What metrics would you impose on a family business CEO? Profitability, growth, family prosperity, market prominence, family harmony, community admiration and sustainability come to mind. Some are easy to measure, like profitability, but even then, the water can get murky. Suppose that potential profits are distributed as bonuses prior to yearend in lieu of retained earnings to fund growth. How would you spin that decision to address the metrics? And, five years from now, when you compare and review financial statements, who will recall that decision and why it was made? That’s why picking the proper metrics is so vital, maybe Gross Profit Percentage is a more accurate metric than Net Profit.

If a family business CEO had something akin to a baseball card, what would the stats on the back be?

Each business needs to develop their own set of performance metrics for their executive team including the CEO. The harder part is applying those metrics to senior family member’s (parents) performance in a positive way. Like the aging athlete, senior family execs still feel that they add value to the team. And they probably do, but not the same value they added in the prime of their career.

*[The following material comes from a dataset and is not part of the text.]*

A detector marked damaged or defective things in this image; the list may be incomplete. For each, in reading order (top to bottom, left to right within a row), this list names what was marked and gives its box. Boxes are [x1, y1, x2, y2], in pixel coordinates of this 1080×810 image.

Here is a great case for a board of directors. It is far better for a board to develop and apply those metrics. A takeover coup by a sibling team to oust an aging CEO won’t fare well for anyone – no matter how kindly it’s done – and certainly it won’t add to family harmony. On the other hand, a well thought out set of metrics applied by an appropriate group would offer a smoother transition.

Like the pro athlete, sometimes the senior CEO needs to be told when their career needs to shift. That’s why some families set up mandatory retirement rules to avoid potential conflicts.

What’s Next?

The retiring CEO will need to develop a new game plan. Hopefully, they have cultivated interests and hobbies to fill time meaningfully. Certainly, if they saw this coming, they would have begun designing that “third stage of life.” Whether it be travel, tennis, bridge, gardening or grandchildren, having importance to daily activity is imperative for the sole.

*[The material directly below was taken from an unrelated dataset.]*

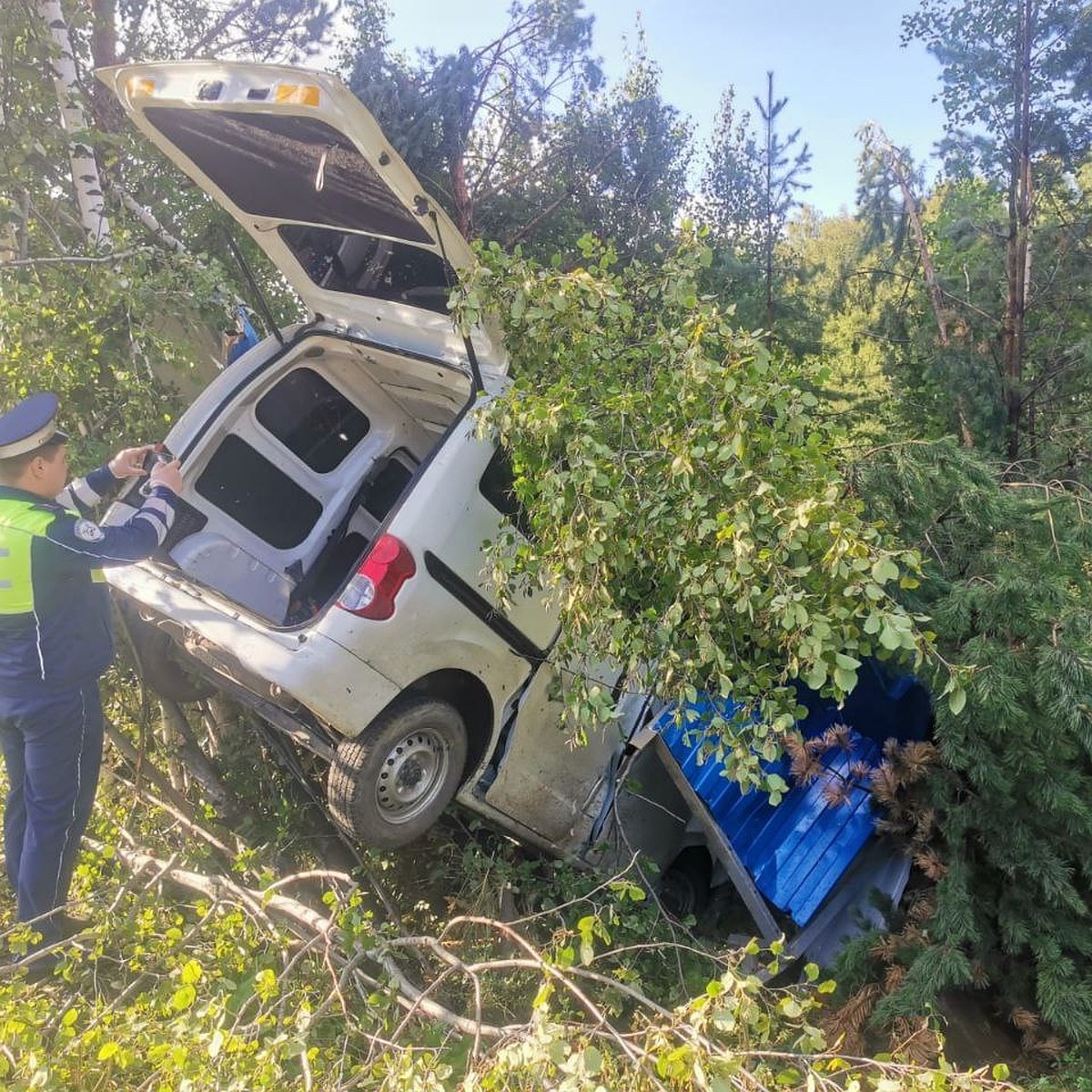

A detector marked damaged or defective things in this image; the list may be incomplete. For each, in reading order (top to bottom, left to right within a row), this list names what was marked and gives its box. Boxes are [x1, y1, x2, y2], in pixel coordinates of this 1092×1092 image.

While that individual doesn’t necessarily have to be exiled from the business, they do have to step down in a significant way that empowers the next leader(s). I recall a client who gave up title, compensation and ownership, yet still reported to the same corner office daily. They had nothing better to do. If the former CEO is physically in the same place, then it makes sense that people see them in the same position.

Ideally the breakaway will come with a time separation like a big trip, extended winter stay somewhere, or more time at the summer spot. After that, a position that honors their expertise, experience and wisdom should be cultivated by the business. Good Will ambassador, Chair of the Board (without being controlling), maintaining key contacts, becoming a sale “closer,” are all good roles to explore. Formalizing the new position really helps everyone involved see the change.

The Next CEO
No matter what style of leadership you favor, in a family business it is usually considered part of the DNA. While some family firms do look outside for CEO talent, most look to family first. That’s fine if the identified party has the right stuff. That individual has probably been a CEO in training their whole life, but that doesn’t mean they are the right choice now. It should always be about the right person for the situation at hand. We’ve all seen businesses go down by picking the wrong CEO.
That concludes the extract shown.